It's Best to Approach This As A Work Of Fiction
I've been a Christian for nearly fifty years, and as I do not happen to believe in the pre-tribulation Rapture, approaching this movie as a work of fiction seemed wise. And as it turned out, I must say I enjoyed it more than I thought I would.
As storytelling goes, it isn't half bad, and the acting is serviceable and even touches the heart or chills the bones at times.
By now even those who have never seen it (and wouldn't if you paid them) probably know the basic plot: the Rapture, which is basically the sudden disappearance from the face of the earth of everyone who was "right with God" (meaning of course the sort of Christian who reads the Bible as if it were a "Dick and Jane" reading primer), leaving behind friends and loved ones to muddle about in confusion until they figure
it out for themselves.
The principle players are reporter Buck Williams (Kirk Cameron), airline pilot Rayford Steele (Brad Johnson), Steele's daughter Chloe (Janaya Stephens), and the Reverend Bruce Barnes (Clarence Gilyard), the obligatory minister who finds himself "left behind" and thus forced to face up to his inadequacies as a man of God.
There's nothing inspired in the casting; the characters are stock and the actors inhabit them surprisingly well, Johnson especially (his grief when he comes home and discovers that his wife and son are among those taken is one of the more genuine moments in the whole picture).
Since this is taken from the novel by Tim LaHaye, a proponent of the pre-tribulation Rapture, we all know what comes next: the tribulation and the rise of the Antichrist.

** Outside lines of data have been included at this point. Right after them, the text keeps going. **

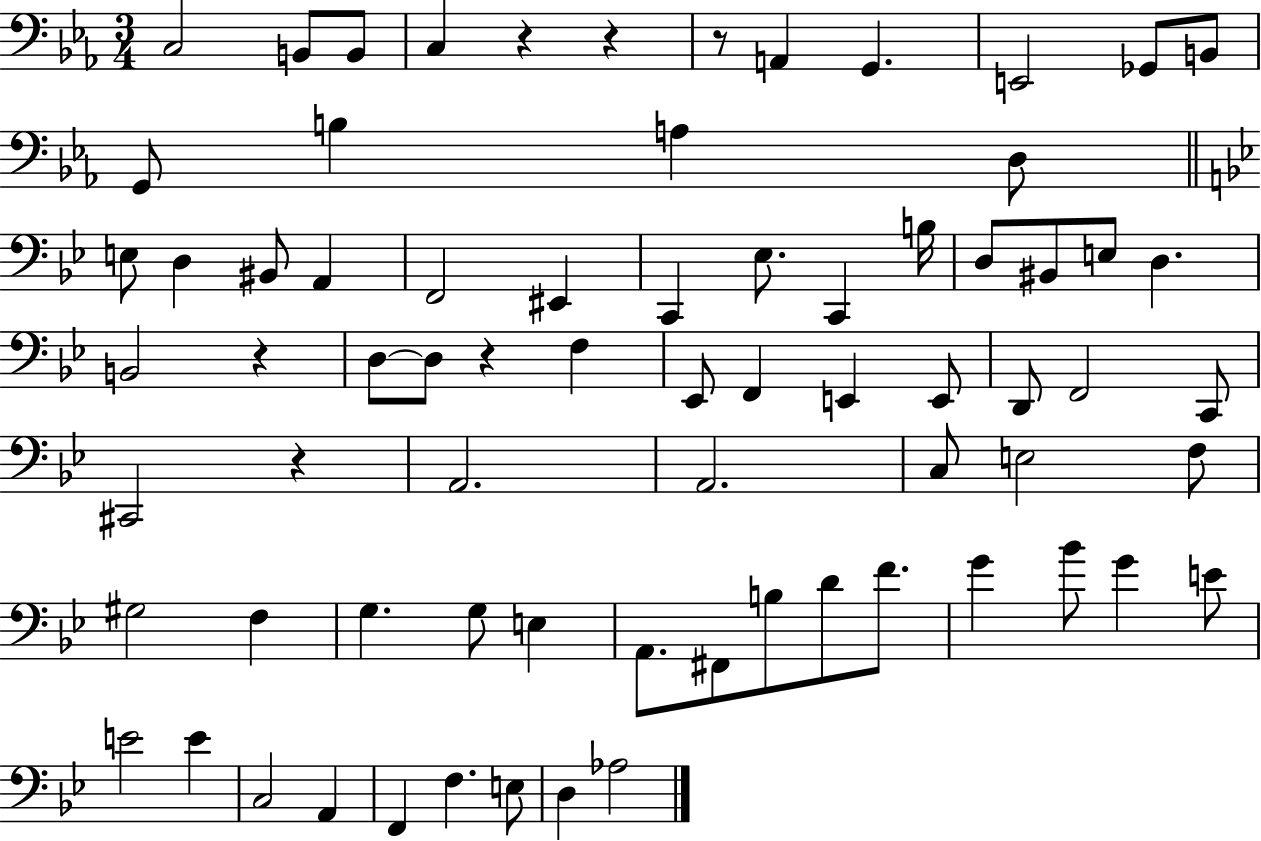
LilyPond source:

{
  \clef bass
  \numericTimeSignature
  \time 3/4
  \key ees \major
  c2 b,8 b,8 | c4 r4 r4 | r8 a,4 g,4. | e,2 ges,8 b,8 | \break g,8 b4 a4 d8 | \bar "||" \break \key bes \major e8 d4 bis,8 a,4 | f,2 eis,4 | c,4 ees8. c,4 b16 | d8 bis,8 e8 d4. | \break b,2 r4 | d8~~ d8 r4 f4 | ees,8 f,4 e,4 e,8 | d,8 f,2 c,8 | \break cis,2 r4 | a,2. | a,2. | c8 e2 f8 | \break gis2 f4 | g4. g8 e4 | a,8. fis,8 b8 d'8 f'8. | g'4 bes'8 g'4 e'8 | \break e'2 e'4 | c2 a,4 | f,4 f4. e8 | d4 aes2 | \break \bar "|."
}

It's all muddled up with a man in Israel attempting to combat world hunger and the move towards a single world currency (which is never explained; Christians who follow this
theology have this particular theory about money but how it ties in to the return of Christ they can never really satisfactorily say).
In addition, the nations of the world are declaring peace, which is a good thing, right? Not on your life. It takes a while to find it out but what this world peace really means is that there is no God so no need for any of the religions of the world.
The United Nations takes a real beating in this movie; it is painfully obvious that the people who wrote this thing suffer from a xenophobia so deeply ingrained that anyone who does not look, speak, walk, or think as they do is at the very least suspicious and probably headed for the lake of fire.
As for the Antichrist, this is where the movie slips, and slips badly. He arrives in the form of Nicolae Carpathia (Gordon Currie), a rather blank-faced man with a pronounced Russian accent. (Well of COURSE it would be Russian; remember those damn Commies??) The scenes in which Currie appears are the silliest ones in the film and frankly he comes across as comic relief most of the time.
The film doesn't really end; the credits just roll. Two more films followed this one and they're all fun to watch if you do not take them too seriously.
Haven't seen the remake yet (Good God, Nicolas Cage must have been desperate for money), but I'll review it when I do.
Oh God. There's nothing more inconvenient than an old queen with a head cold!